Overcome is the debut studio album by British singer Alexandra Burke, released 19 October 2009 on Syco Music. The release of the album came a year after Burke won the British talent show, The X Factor, with the recording process taking place between 2008 and 2009. Critics praised the album for showcasing Burke's vocal charm and characterisation, comparing her vocal to American singers Anastacia and Whitney Houston and its contemporary finish; using a variety of acclaimed producers including RedOne and Ne-Yo.

Upon its release, Overcome debuted at number one on the UK Albums Chart, selling 132,065 copies in its first week, the fourth largest first week sales for a female singer in 2009. The album became a commercial success in Europe being certified double platinum in the United Kingdom and Ireland. To date the album has sold over one million copies worldwide. All six singles released from Overcome peaked within the top twenty on the UK singles chart, three of which reached number one. As well as receiving positive reviews, Overcome earned a nomination for Best Album at the Urban Music Awards.

Background
In December 2008, Burke won the fifth series of the British reality singing competition, The X Factor, having previously entered in 2005. The singer received 58% of the final public vote. Burke's prize was a £1 million recording contract with Syco Records, a subsidiary of Sony BMG, including a £150,000 advance payment. Burke's debut single, a cover of Leonard Cohen's "Hallelujah" was released as the show's "winner's single". Upon winning the show, Burke remarked: "Thank you so much for making my dream come true. I'm the happiest girl alive."

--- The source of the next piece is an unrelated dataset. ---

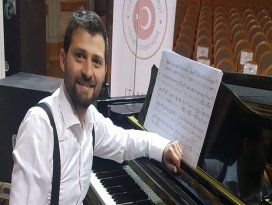 NEÜ’lü öğretim görevlisi Aksoy’a Avrupa’dan ödül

Burke's album was originally scheduled for a March 2009 release in time for Mother's Day. However, following the success of fellow X Factor contestant, Leona Lewis, the album was pushed back for an Autumn release. On 13 February 2009 it was reported that Burke had signed a £3.5 million, five-album United States record deal with Epic Records. After visiting Burke in the studio, Beyoncé spoke of possibly recording a duet with her.

Recording and production

Producers Pharrell Williams and Akon were reportedly asked to produce for the album according to MTV. Burke's website confirmed that RedOne had produced a selection of songs for Burke to work on, including a song titled "Broken Heels", which was the first song recorded for Overcome. Whilst in the states she also worked with Louis Biancaniello, Sam Watters, Jim Jonsin, Rico Love, Roc Nation and Stargate. New production team "Element" announced on their website that they had produced two songs for Burke, including one track which made the final cut for Overcome, titled "Bury Me (6 Feet Under)". Another song, "Dangerous", was released as the B-side for "Bad Boys".

Aside from working with American producers, Burke also collaborated with British singer-songwriter Taio Cruz and Steve Booker. Booker produced the track "You Broke My Heart", which he co-wrote with Niara Scarlett and Pixie Lott, one of several the British singer submitted for the album. According to Booker the song was originally had a different title and it was Simon Cowell that requested the name change. Burke also recorded tracks with British dance duo The Freemasons.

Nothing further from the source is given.